-
Type: Improvement
-
Resolution: Done
-
Priority: Major - P3
-
Affects Version/s: 1.3.1
-
Component/s: None
-
None
-
Minor Change
In our production, when MongoDB server is close to hitting I/O subsystem limits (we have a write-intensive application that makes MongoDB spend much time write-locked, but that's another story), the mean query execution time starts to raise when MongoDB flushes the maps (every 60 secs by default), which is completely expected. This, of course, leads to additional connections being opened, because requests still arrive at a steady pace. If the aforementioned flush takes about a second (yes, I know this isn't a healthy value, but currently we have to stick with this), the connection pool overflows and our backend threads begin getting TimeoutException (hopefully CSHARP-393 would changed that to something more expected), since they're hitting the wait queue timeout.
I wonder why WaitQueueTimeout is so low by default (500ms)? If the connection pool is close to exhaustion because of an intermittent slowdown due to disk flush, LVM snapshotting, OS cache pollution, etc., most of the threads just won't make it in 500ms. If there is no reason for it to be so low, I propose it to become 1/2 of connection timeout, which would translate to 15 seconds.
While I understand that in the case of severe server slowdown this increase would lead to a lot of hanging threads, in typical parallel client scenarios (ASP.NET, WCF services, etc.), these threads would be provided from thread pool that has an effective limit that depends on the amount of processors, so it would not oversaturate the OS with excessive amount of threads and won't exhaust memory with thread stacks.
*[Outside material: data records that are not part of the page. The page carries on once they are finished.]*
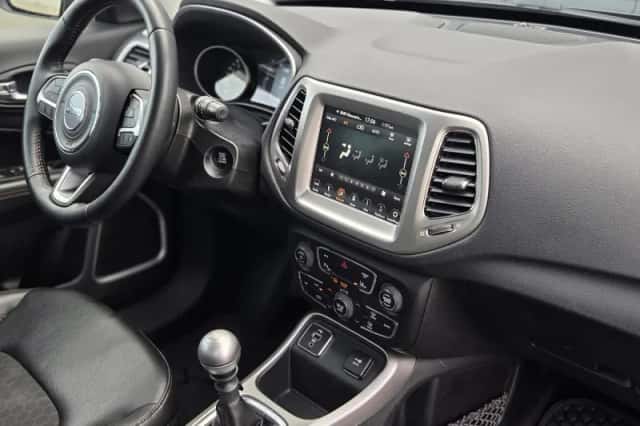 Jeep Compass (2017) thumbnail 4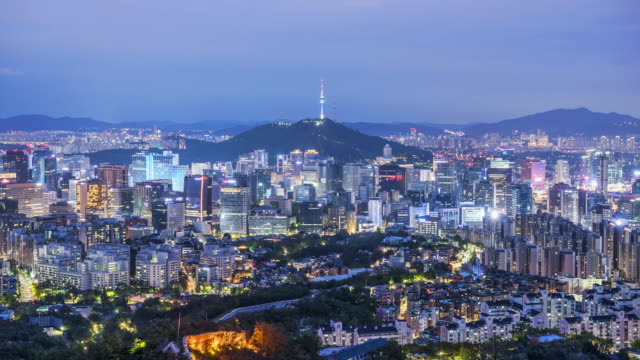 Seoul-City-from-day-to-night,-time-lapse.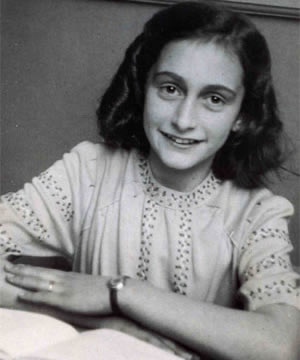 Anne Frank, fue internada en Auschwitz-Birkenau entre septiembre y octubre de 1944, luego fue trasladada a Bergen-Belsen donde murió de fiebre tifoidea. Es famosa por su diario, mundialmente conocido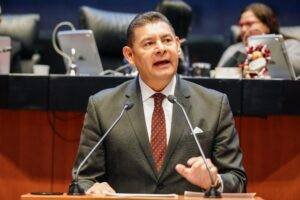 Armenta como marca ya rebasa a Morena en Puebla: La Encuesta Mx.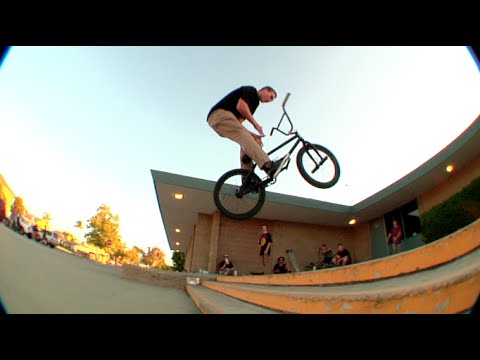 BMX - Instagram Slam: Devon Smillie & The Common Crew - UCEt2RMm3EqtoerqX0-fUpfw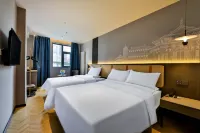 Romantic Season Hotel (Shenyang Middle Street Imperial Palace and Commander Zhang's Mansion) Hotel in zona Shenyang Agricultural University Gymnasium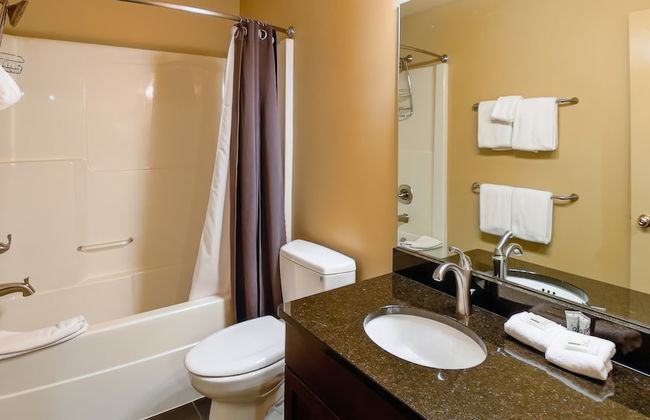 Thunder Ridge by Fernie Lodging CO - Photo 31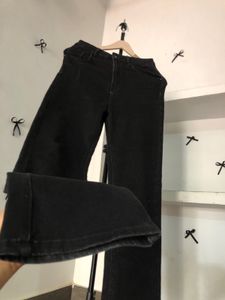 Black Wide Leg Jeans🕸️🕷️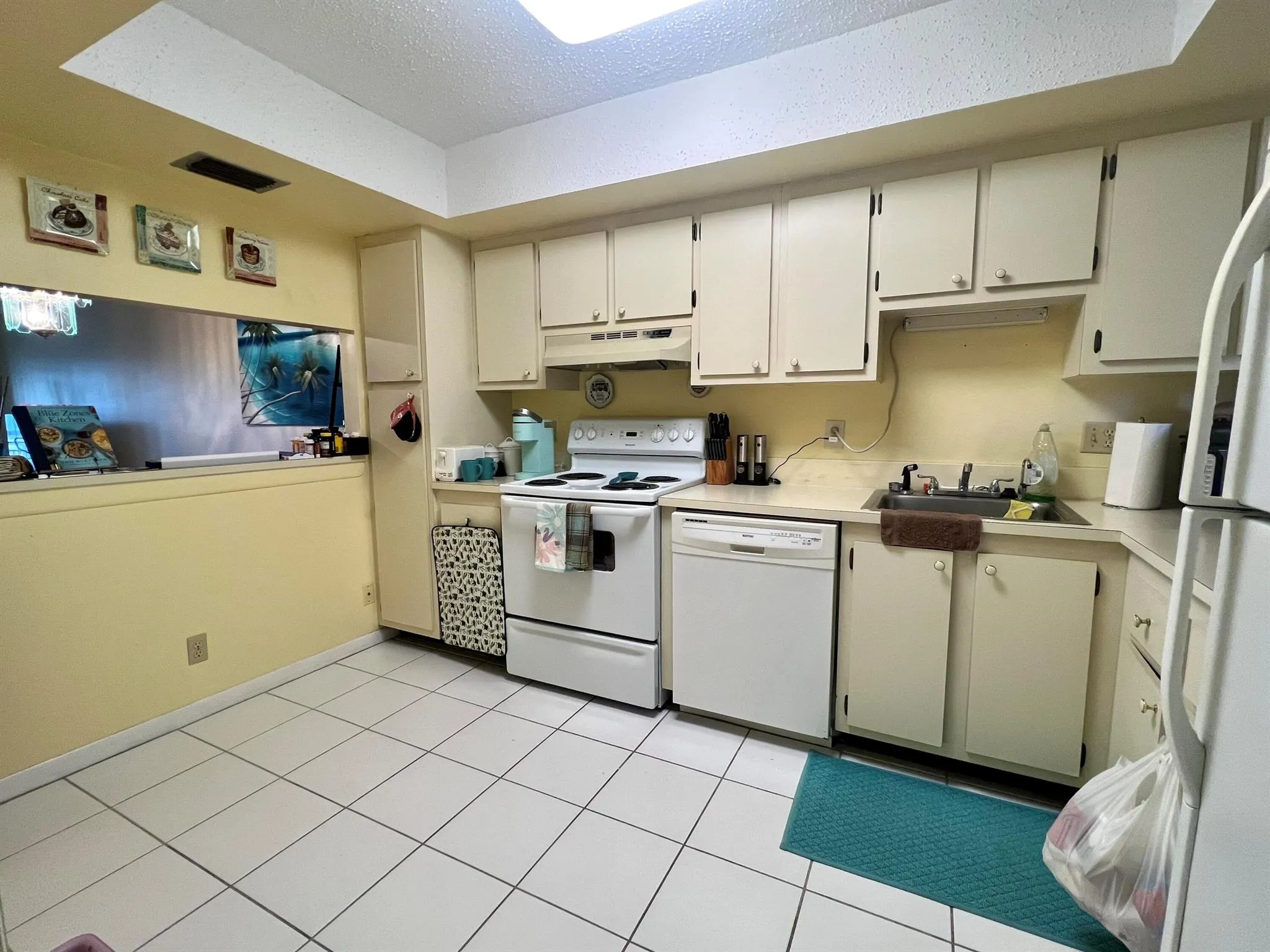 3154 Via Poinciana, #214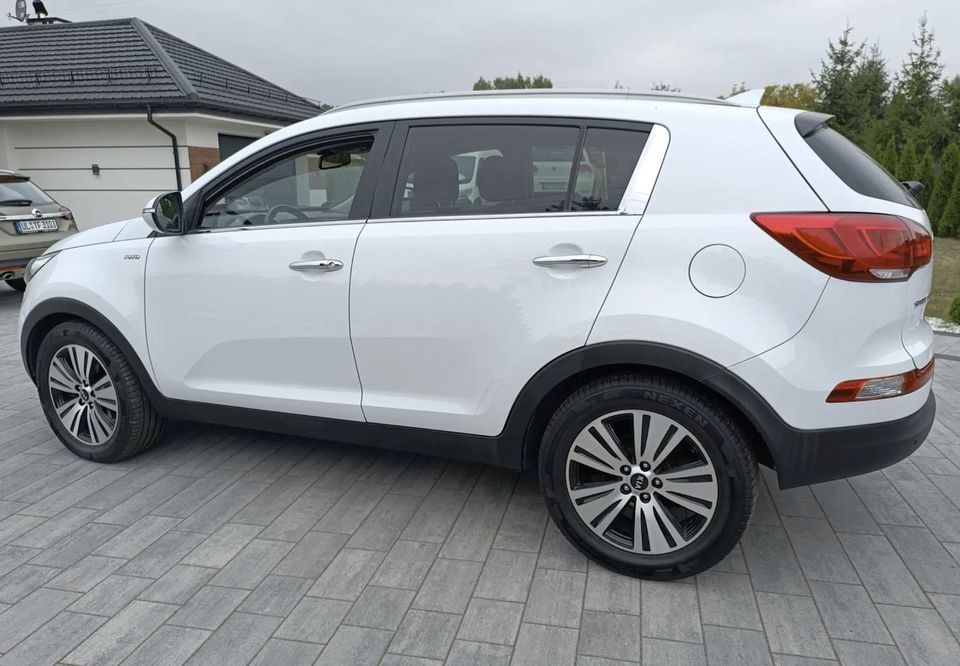KIA SPORTAGE 2015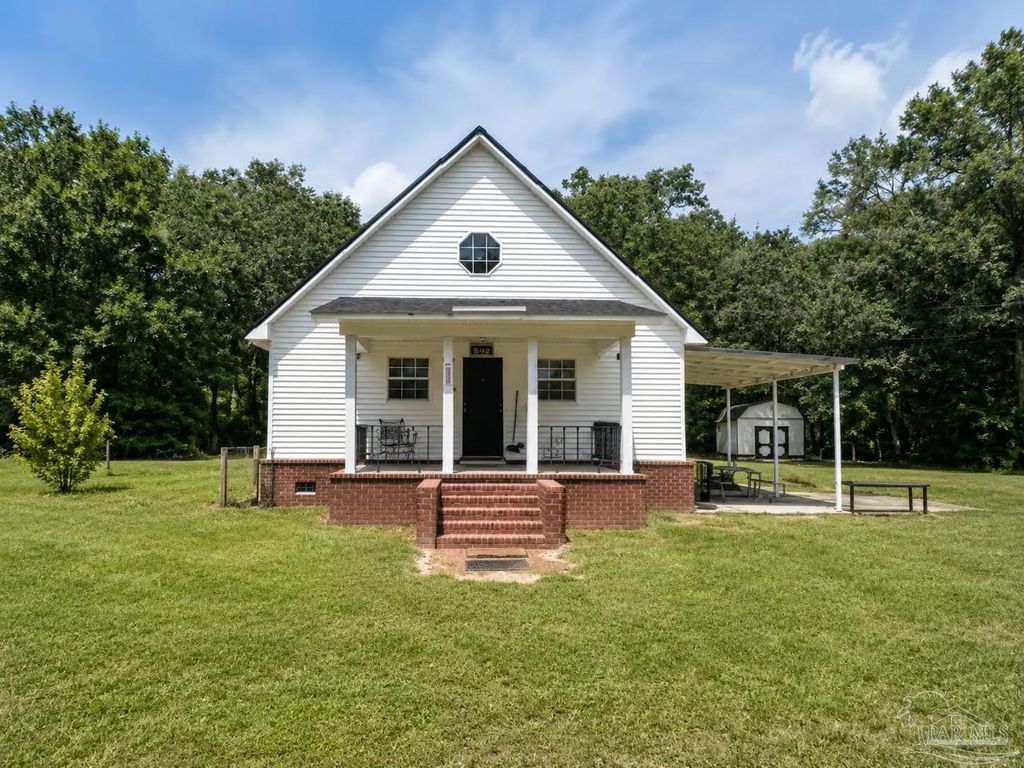 5373 Fireside Ln, Milton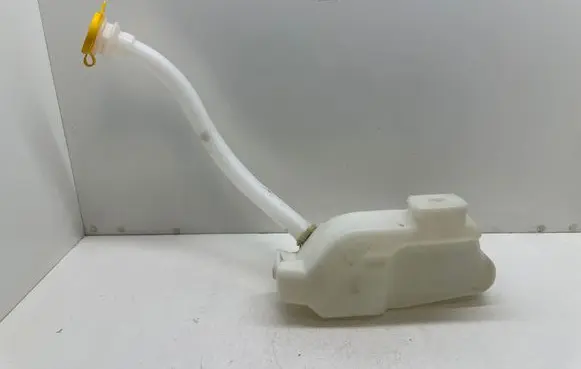 Renault Kangoo II Windshield washer fluid reservoir/tank 8200431475 8200431474
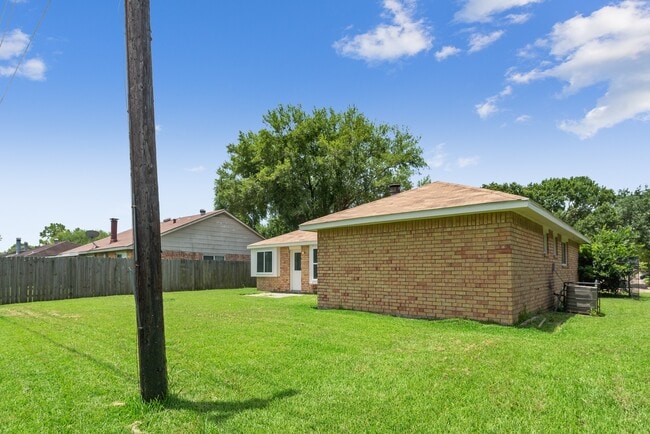 Photo - 1703 Millbury Dr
The benefits of increasing are clear – 1-2 second server "lag" would not abort like half of requests (our scenario) just because connection pool was saturated at that time.
I also understand that we can set it on per-database basis in client code, but I still recommend that default should be changed, people with low loads won't notice the change, and people that are close to their servers' capacity would not hit the truckload of TimeoutExceptions in their face =)
Of course, it may be that I miss some point that justifies the default low value, sorry to bother you with this if I really missed something.